Bayesian Theorem of Poker (was: Sklansky's vs. Abdul's theorem)
Michael Maurer
I've followed some of this thread and I can't decide which camp I'm in.
People in the Useless camp say "the fundamental theorem of poker is worse
than useless" because it is outcome-based and relies on 20-20 hindsight.
Not only is it impossible to apply hindsight in advance, but a way of
thinking that gives value to hindsight handicaps your thinking when you must
make decisions without it.
People in the Relevant camp say "the fundamental theorem of poker is
relevant because it helps me think about poker situations at an abstract
level". One of Sklansky's examples here is his claim that you should be
happy when a player with a worse hand than you, but with correct odds to
draw, folds to your bet. Another of Sklansky's points is that the theorem
teaches people the importance of reading their opponent's hand and of
disguising their own hands. So people in this camp feel that, although the
statement of the theorem is outcome-based, it helps their situational
thinking even when they don't yet know what the outcome will be.
Finally, people in the Badly Worded camp say that "well, what Slansky really
meant to say was the probabilistic version, but his audience wouldn't have
understood that so he dumbed it down". They argue that it's obvious that
Sklansky didn't mean to say that you should use hindsight to judge your
decisions. Rather he intended that his readers form a conceptual framework
that includes what you think your opponent has and what your opponent thinks
you have, and so on. And ultimately, to act according to the probabilistic
version. People in this camp wish Sklansky had just written the
probabilistic version so we wouldn't be having this pointless discussion.
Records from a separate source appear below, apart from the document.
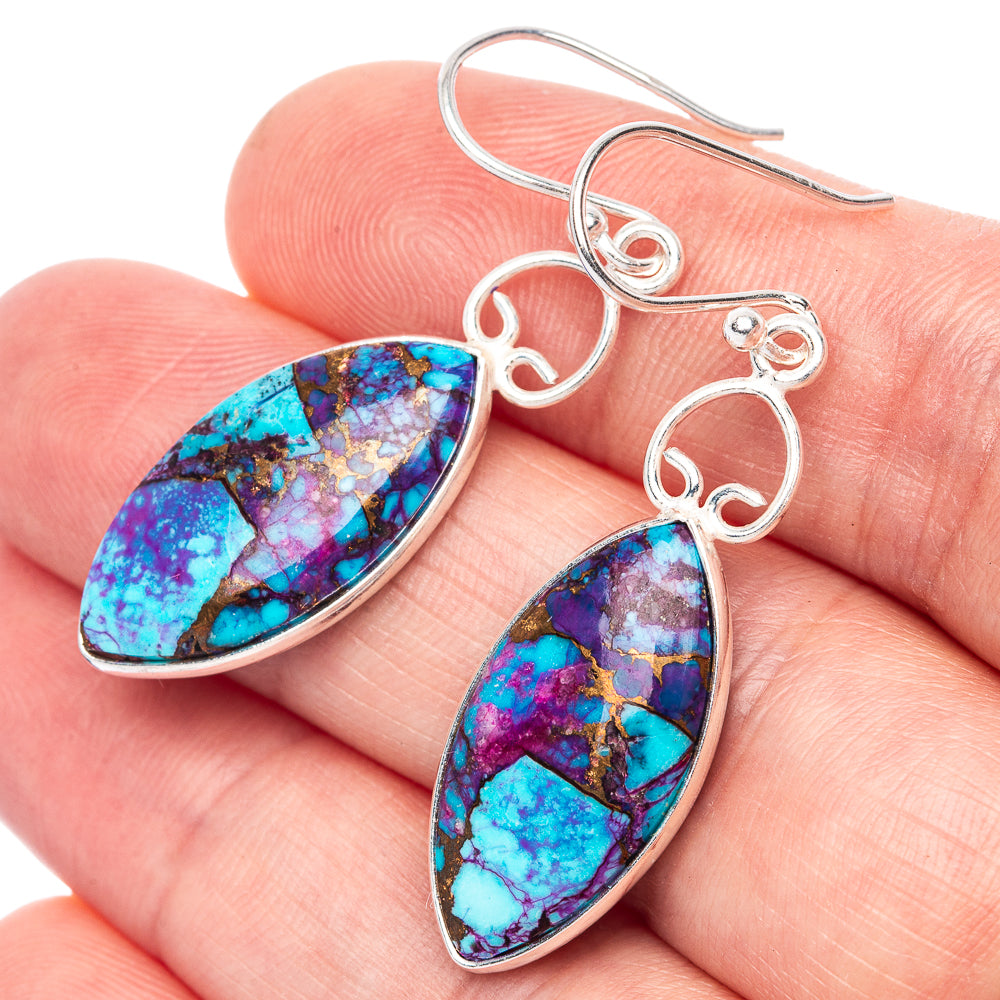 Spiny Oyster Turquoise 925 Sterling Silver Earrings 1 3/4" (925 Sterling Silver) E1231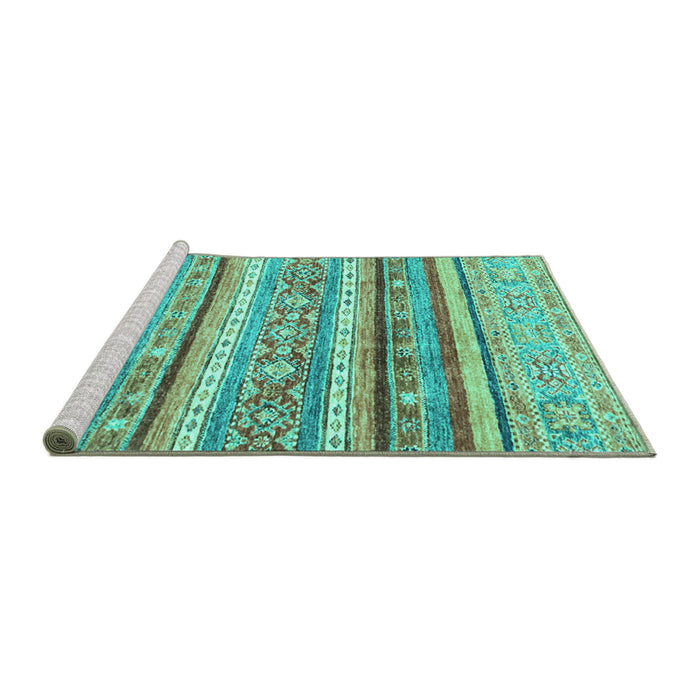 Sideview of Machine Washable Abstract Turquoise Modern Area Rugs, wshabs2384turq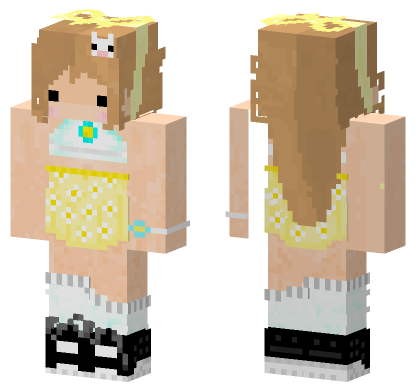 Cute Yellow Bow Outfit Minecraft Bedrock skin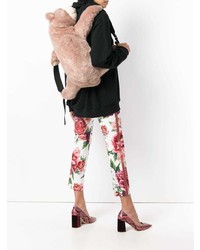 Женский коричневый меховой рюкзак от Dolce & Gabbana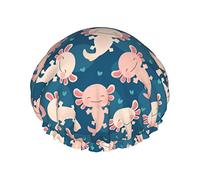 Cute Axolotl Kawaii Pattern Shower Cap,Nightcap Double Layer Waterproof Elastic Bath Cap Reusable Bathing Hair Cap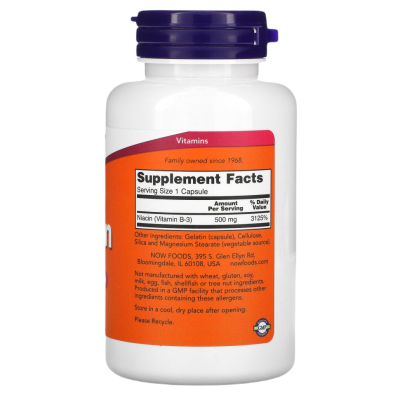 Ниацин + Витамин B3  Нау Фудс(Niacin + Vitamin B3 Now Foods) , 500 мг, 100 капсул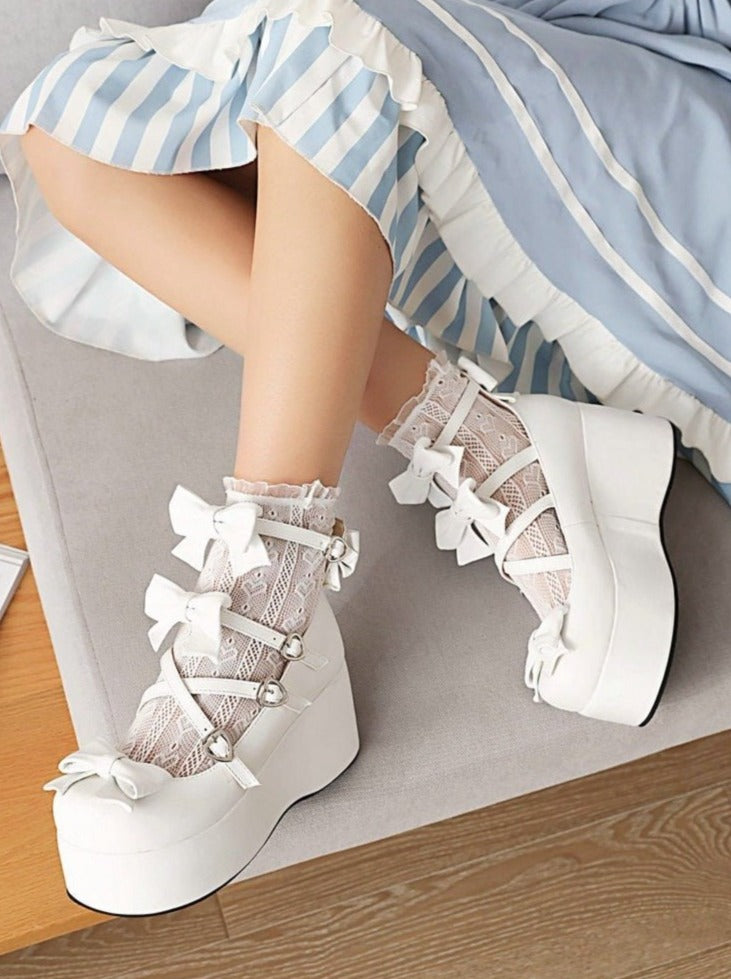 Cross Bow Strap Platform Shoes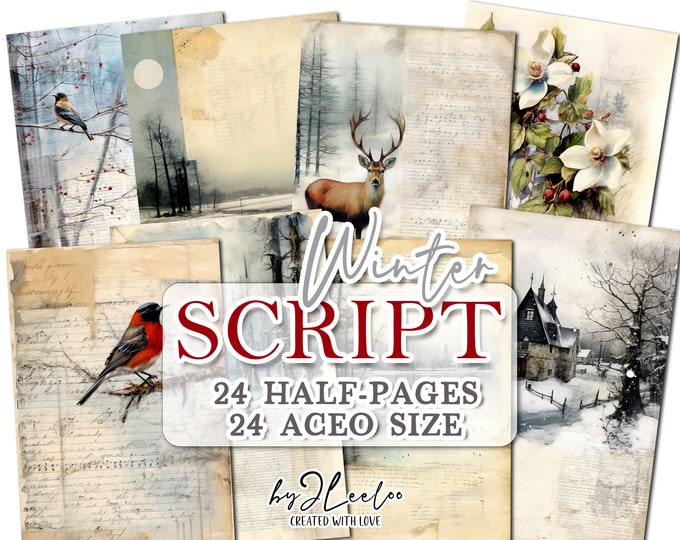 WINTER SCRIPT half pages printable for junk journal Mixed Media | Holidays Christmas supplies card making collage diary stationery | pp676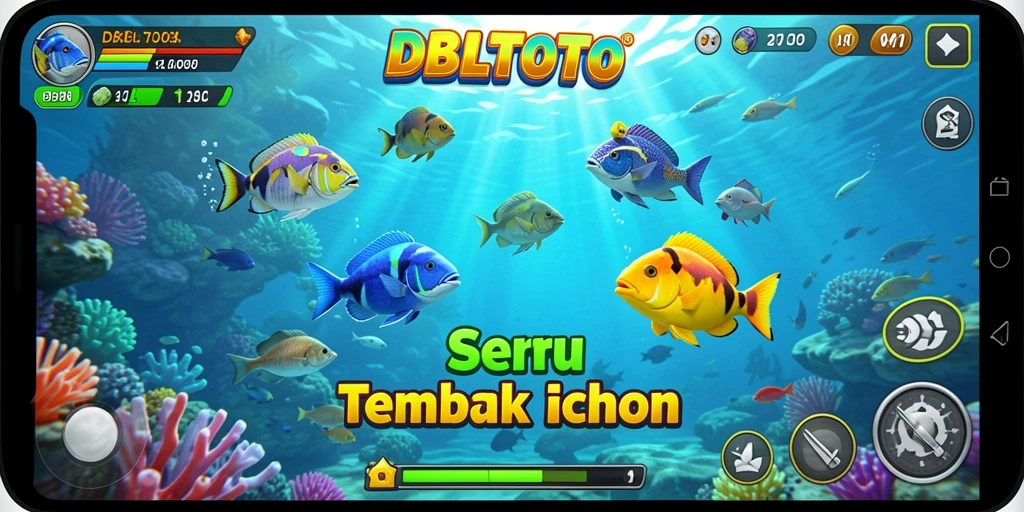 Tampilan gameplay memukau dari DBLTOTO saat menembak ikan.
Before I join a camp, let me first attempt to rename the idea that some are
calling the "Abdul/Maurer Probabilistic Fundamental Theorem of Poker". That
name sucks bigtime. A better name is the Bayesian Theorem of Poker (my
apologies to the Reverend Bayes, who probably would not have approved of
poker at all), and I'll state it as
## Every time you play your hand differently than you would have played had
you known the true probability distribution of your opponent's hand given
all previous actions, you lose; every time you play your hand the same as
you would have played had you known the true probability distribution of
your opponent's hand given all previous actions, you gain. ##
I call it the Bayesian Theorem of Poker because at any given moment in a
hand, whether your decision is good or not is a function of all "prior"
knowledge, that is, everything that you know at that moment, and nothing
that you will learn in the future. Thus, the fact that your flush was
coming on the river does not justify your raise on the turn, but your
estimate of your opponent's cards as of the turn could justify a raise
judged as correct by the theorem. You see that for those players with a
probabilistic bent, when they say they "know your cards", what they really
mean is that they know you have AcAs 14% of the time, AcKc 21% of the time,
and so on.
Now, I leave out the term "Fundamental" because I don't think this theorem
is a complete description of how to play poker well. What it lacks is any
mention of the expected response of your opponent to your actions. And to
know that you must first know your opponent's estimate of your own hand
distribution. In other words, you must know your opponent's strategy which,
when you are in the hand, depends on your opponent's estimate of *your*
strategy! But that's an improvement for another day.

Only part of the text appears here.